On Wednesday night, President Donald Trump delivered the first joint congressional address of his presidential career ― not technically a State of the Union, but the same thing for all intents and purposes. And a certain heroic man who was injured in a recent, high-profile incident of racial hate had a message for Trump going in: Ian Grillot wanted President Trump to acknowledge the Olathe shooting in his speech. And, though Trump did begin by referencing recent anti-Semitic incidents and "the shooting in Kansas City," was it ultimately enough?
Speaking to CNN's Alisyn Camerota on Tuesday morning, Grillot ― who was shot while attempting to stop a gunman who murdered a pair of Indian men at a bar in Olathe, Kansas last week ― called on Trump to explicitly acknowledge what happened, saying it was "saddening" that it hadn't yet been addressed.

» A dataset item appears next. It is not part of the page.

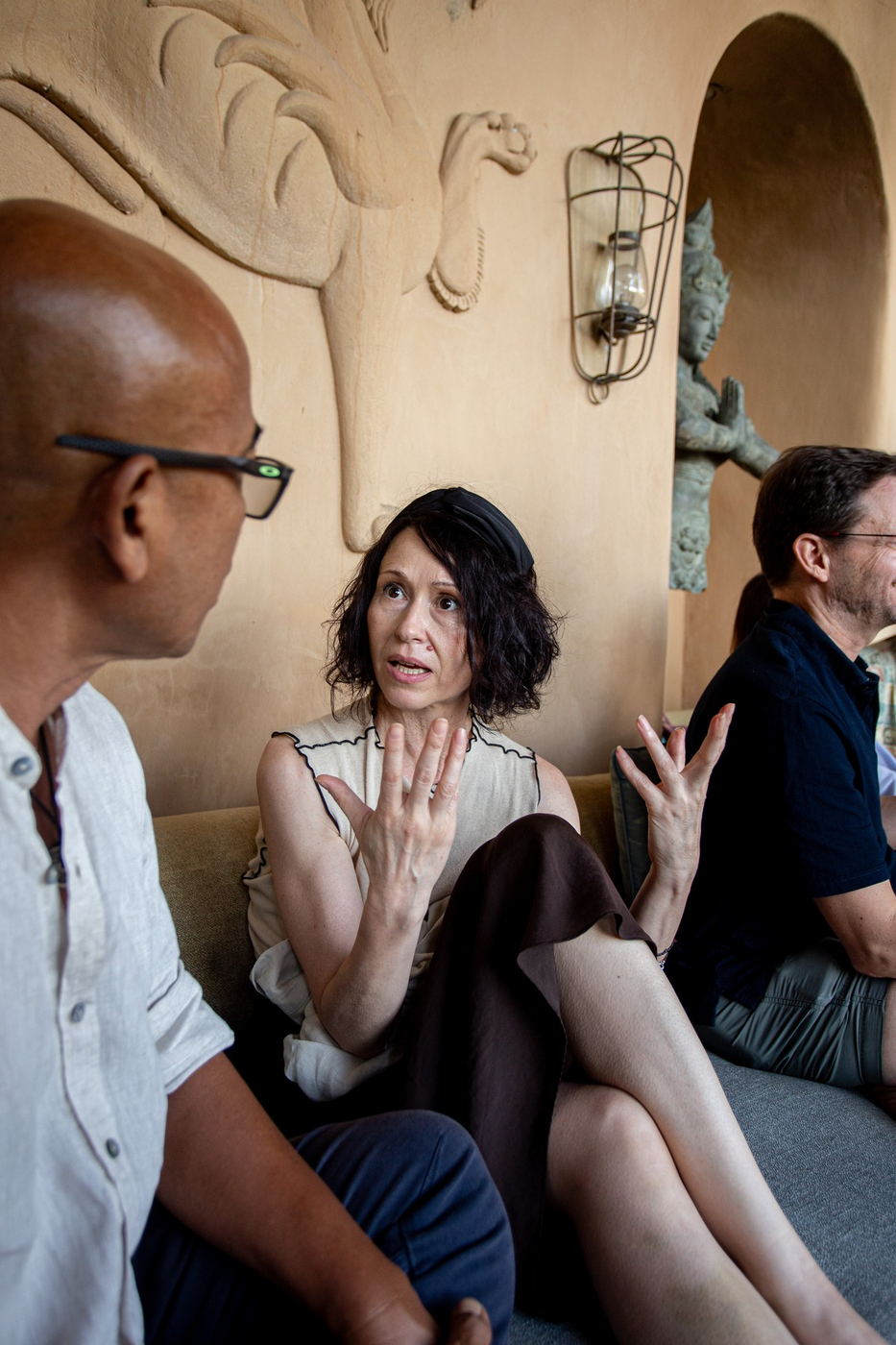 Woman speaking animatedly in conversation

While only Grillot can answer whether he was satisfied with Trump's statement ― and make no mistake, Trump did specifically mention what happened in Olathe last week, though he didn't speak on the details with any depth ― there were at least a few potential issues with it.
Namely, while Trump did open his address by referencing and denouncing anti-Semitism and racial hatred, he didn't name any kind of specific racial hatred besides anti-Semitism ― nothing explicitly about hatred directed towards Latinos, Muslims, or people of Middle Eastern descent, in other words. That's a notable omission, because reports suggest the Olathe killings were motivated by the shooter's incorrect belief that his two Indian victims were in fact Iranian.

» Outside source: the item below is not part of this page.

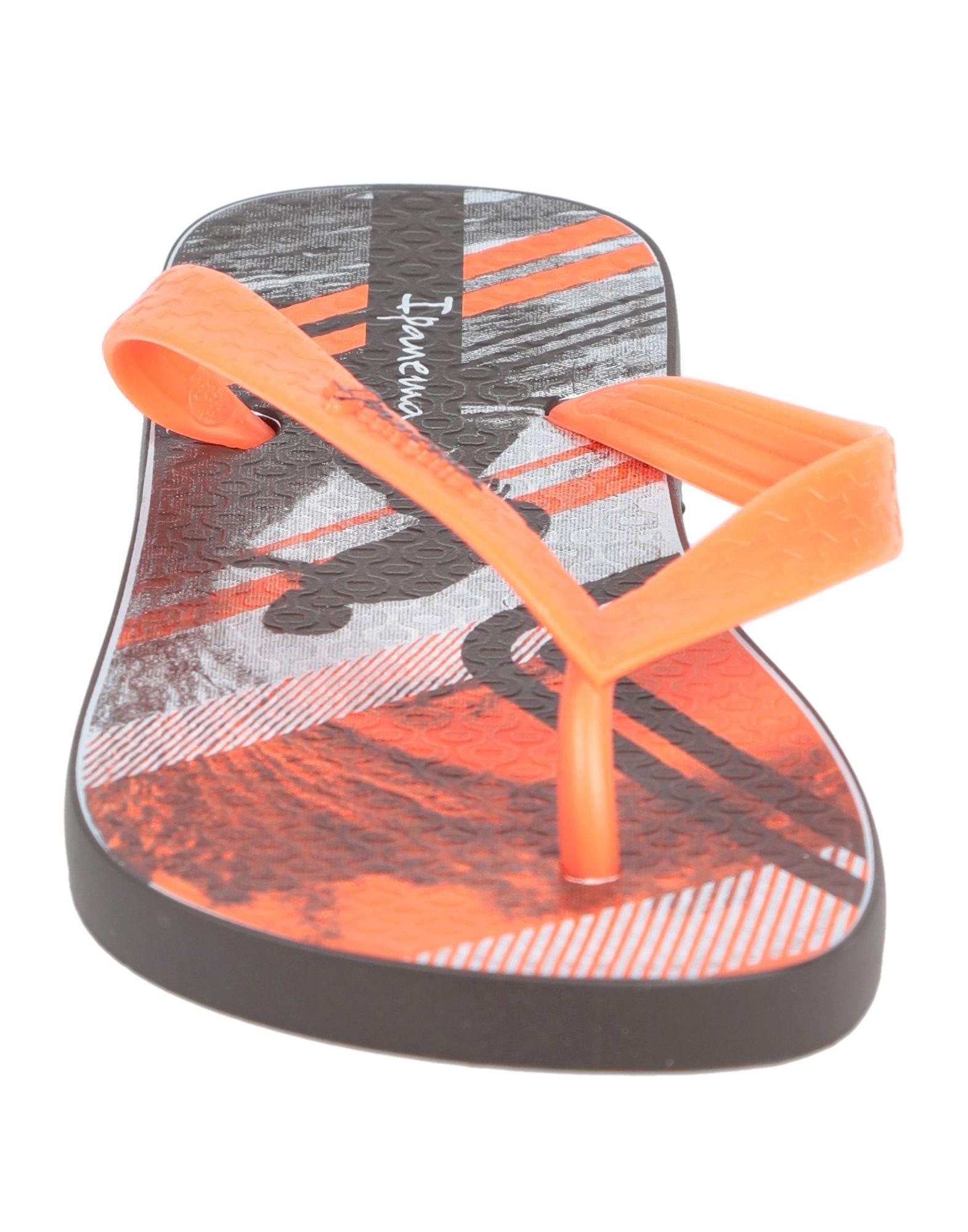 orange toe post sandals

It also raises the question of what good it does to begin a speech with a condemnation of such hatred if you're going to advance false and misleading claims about the violent criminality of immigrants later in the same speech. Trump has done this frequently, both as a candidate and as president, and he stayed true to form on Tuesday night, announcing the creation of a Department of Homeland Security office specifically addressing victims of crimes committed by undocumented immigrants. It's a role he teased in an executive order last month pledging to "make public a comprehensive list of criminal actions committed by aliens."

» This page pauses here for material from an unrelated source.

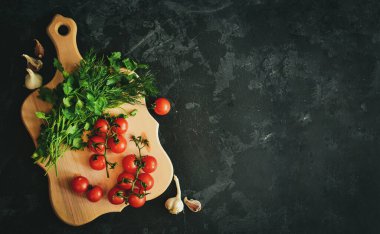 Salata için taze sağlıklı sebzeler. Kirazlı domates ve maydanoz, dereotlu. Kesme tahtasındaki domatesler. Karanlık arka plan. Metin için boş alan. Üst Manzara. Çiğ yemek.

Considering that undocumented immigrants commit crimes at a lower rate than American citizens do, this can really be seen as nothing more than scapegoating for political purposes. If Trump were aiming to create a DHS office specializing in victims of violent crimes committed by any particular group ― which is a needless and inflammatory gesture regardless ― the statistics would suggest he should sooner focus on American citizens than immigrants.
In short, while Trump did more than many observers probably thought he would, it was also far less than would've been deemed acceptable for a typical president. It's also worth noting that mere hours before delivering the speech, he suggested that the recent wave of anti-Semitic bomb threats and graveyard defilements may have been committed by people trying to make him look bad.